My experience flying with musical instruments as carry-ons has been stressful at best. This passage from an economics textbook rings true to me:

photo, Bradley Gordon

The battle begins in the gate where air travelers elbow their way to the front of the line to board the aircraft as soon as possible in order to grab an overhead bin. Once on the aircraft, the real fight begins. Some passengers with seats in the rear of the plane toss their bags into the front compartments to be sure they get a spot. People with oversized bags cram them into the narrow bins, pushing the bags, coats, and hats of passengers with correctly sized luggage into the corners. People ask for help from the flight attendants but their pleas are ignored. The flight attendants say they are too short staffed to handle passenger disagreements concerning bags. Losers are left standing with their “homeless” bags. …

Are people just selfish and rude? Most economists say no, they are just responding to the absence of market incentives. The overhead bins are a commons. It’s Dodge City. Nobody “owns” the space in the overhead bins. People can’t trust strangers to act with cooperation or courtesy. The result is “warfare.”

Things could be different. Creating an overhead bin market would bring out the best of people. Here is how. Most of today’s airlines charge people extra to check a bag and offer the overhead bins for “free.” It should be just the reverse.

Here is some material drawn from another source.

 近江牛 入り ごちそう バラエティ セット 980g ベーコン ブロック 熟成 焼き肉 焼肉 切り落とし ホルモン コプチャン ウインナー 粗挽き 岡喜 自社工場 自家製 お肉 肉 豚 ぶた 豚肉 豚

Nobody likes paying more. But a carry-on fee is a small percentage of an airline ticket. And for most musicians it’s a small price to pay for better access (maybe even guaranteed access!) to the overhead storage. Is it worth the price of a box of reeds or two to know my saxophone will arrive in one piece? Or the price of a pound or two of cane to ensure that my bassoon reaches its destination? I think so.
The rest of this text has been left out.